К вечеру за мной заехал «Иосиф Георгиевич», и мы с ним на извозчике, с трудом найденном, поехали на совещание. Ехали мы Тверским бульваром и, чем ближе подъезжали к Страстной площади, тем больше встречали народу, а на самой площади перед нами открылась незабываемая картина. Освещения не было, кроме костров, привычных всем москвичам в морозные дни. Сама площадь была почти пуста, но Тверская дальше, к Садовой, была запружена огромнейшей толпой, стоявшей густой стеной. Раздавался гул, и смутно виднелись знамена. Напротив толпы, с другой стороны Тверской, по направлению к нынешнему дому Московского Совета, стояла кавалерия, те же сумские драгуны. Сумский полк почему-то в наших кругах пользовался хорошей репутацией, быть может, потому, что расходившиеся после «университетской осады», о которой я рассказывал выше, были охраняемы сумскими драгунами. По данным военной организации, этот полк причислялся к сочувствующим и в худшем случае нейтральным.

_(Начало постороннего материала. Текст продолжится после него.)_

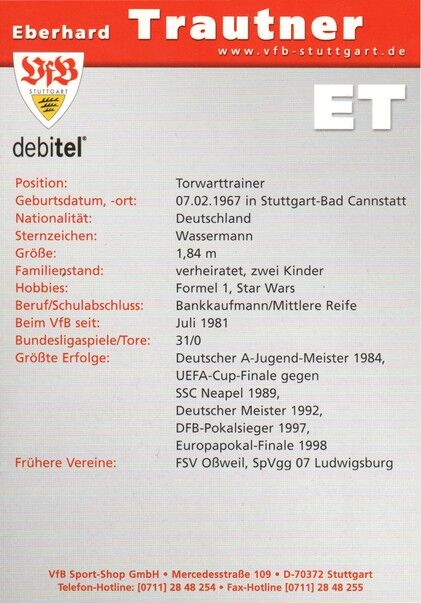 Autogramm Fussball | VfB Stuttgart | 2002 | Eberhard TRAUTNER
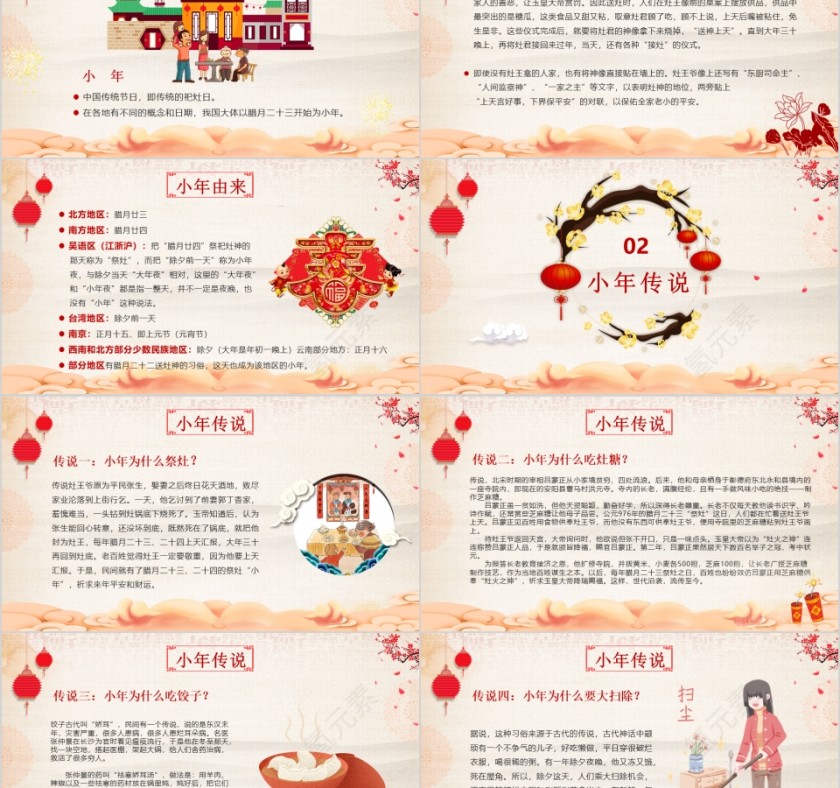 中华民族传统节日腊月二十三小年由来习俗传说PPT第2张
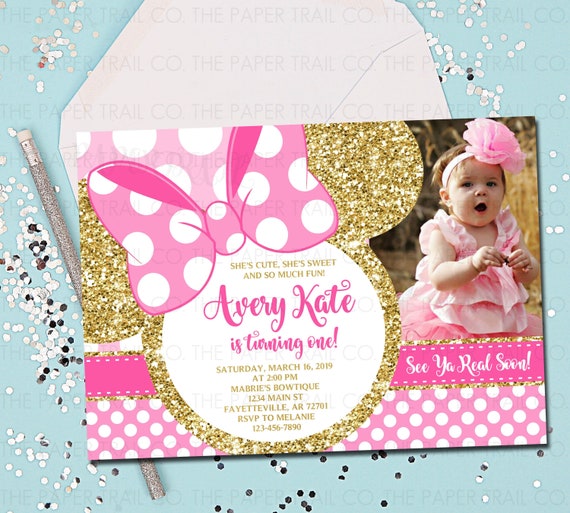 Minnie Mouse 1st Birthday Invitation Pink And Gold Minnie Etsy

Извозчик волей-неволей остановился. Мы стали уговаривать толпу пропустить нас, но никто не двигался с места. Мы уже собрались повернуть обратно, но нам пришли на помощь несколько рослых штатских, поддерживавших порядок в толпе. Один из них подскочил к нам и спросил, куда нам ехать. Мы назвали улицу. «В таком случае, поезжайте по Тверской вверх и дальше по Садовой». — «А мимо Страстного мы не проедем?» — «Не советую: будет опасно, да и там делается то же самое», — и с этими словами он и другие по его знаку очистили дорогу нашему извозчику и всем другим, проезжавшим мимо. Мы проехали по Тверской, и, когда находились на Садовой, вдруг со стороны бульваров послышались залпы и им в ответ треск револьверных выстрелов. «Началось, — сказал мне „Иосиф Георгиевич“ и прибавил: — А как вы думаете, кто это помог нам проехать?» — «У меня впечатление, что это переодетый околоточный и переодетые городовые», — ответил я. «У меня тоже», — сказал он.

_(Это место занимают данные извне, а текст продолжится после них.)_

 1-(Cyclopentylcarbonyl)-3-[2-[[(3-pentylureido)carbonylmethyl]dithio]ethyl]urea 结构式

На совещании все были в сборе. Не было только «Евгения» и «Афанасия Ивановича». «Евгений» не пришел совсем; что же касается «Афанасия Ивановича», то он опоздал на час и был страшно взволнован. «Вы знаете, — рассказал он нам, — я ехал на извозчике, но извозчик меня высадил около Страстной площади, и дальше я пошел пешком. На Тверской стояла толпа и против нее — драгуны. Я перешел площадь и пошел мимо Страстного [монастыря]. В этот момент раздались револьверные выстрелы, затем — залпы, и кругом меня все побежали. На Малой Дмитровке я вынул сирену и засвистал. Ко мне сбежалось около десятка человек, оказавшихся дружинниками. Большинство были эсеры, а двое были ваши, — обратился он ко мне. — Я пытался с ними пройти на площадь, но толпы уже не было. Тогда я отпустил дружинников и отправился сюда». После этого сообщения были предъявлены те же запросы и последовали те же ответы, которые никого не удовлетворили.